**TASK DESCRIPTION:** Pictures are to be omitted; everything else in the data must be transcribed exactly.
GIVEN MATERIAL: Begin
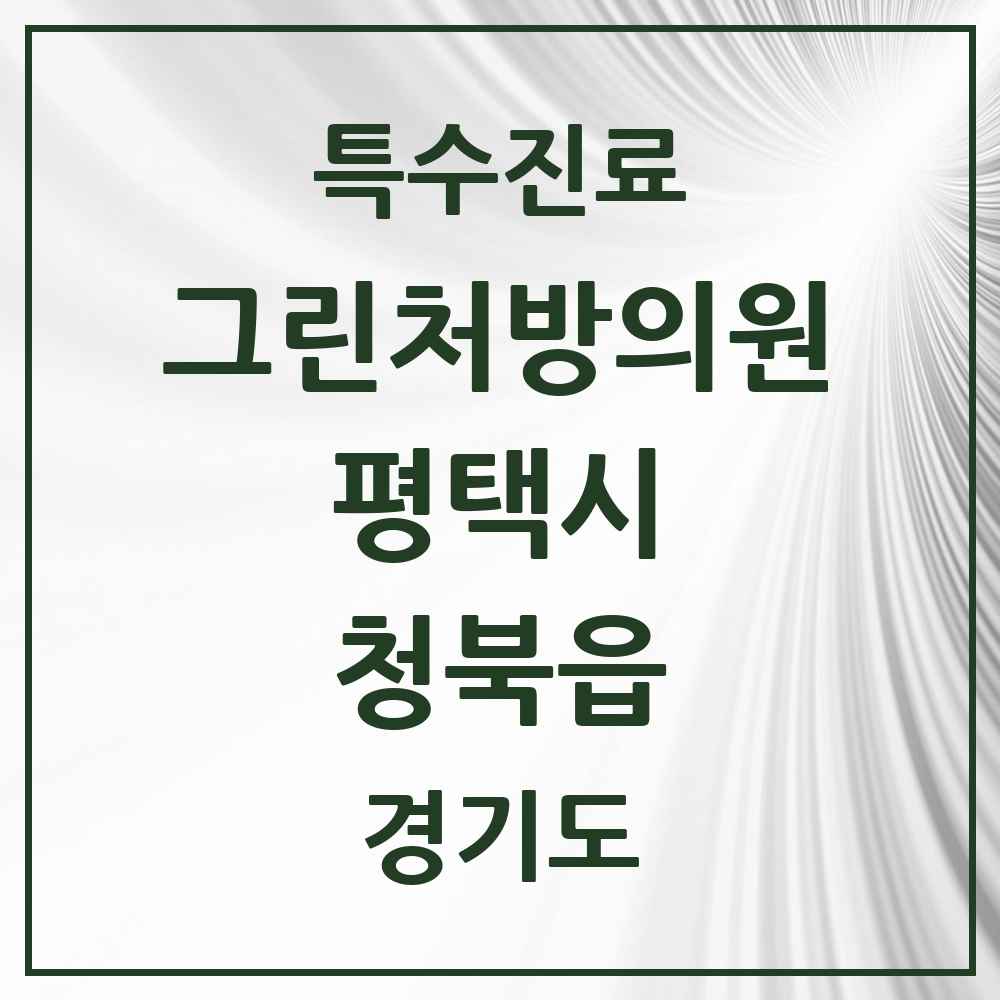 2025 경기도 평택시 청북읍 그린처방의원 의원·병원 목록 1곳
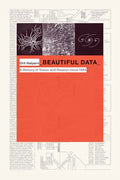 Beautiful Data: A History of Vision and Reason Since 1945 - Hardcover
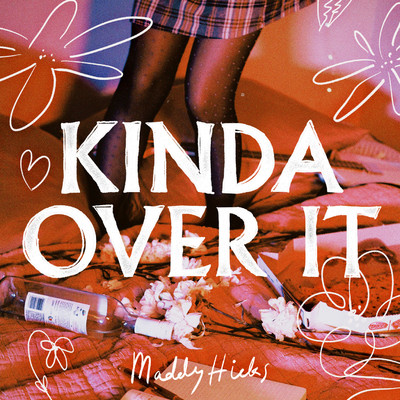 Kinda Over It/Maddy Hicks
GIVEN MATERIAL: End
**FINAL ANSWER:**
 2025 경기도 평택시 청북읍 그린처방의원 의원·병원 목록 1곳
 Beautiful Data: A History of Vision and Reason Since 1945 - Hardcover
 Kinda Over It/Maddy Hicks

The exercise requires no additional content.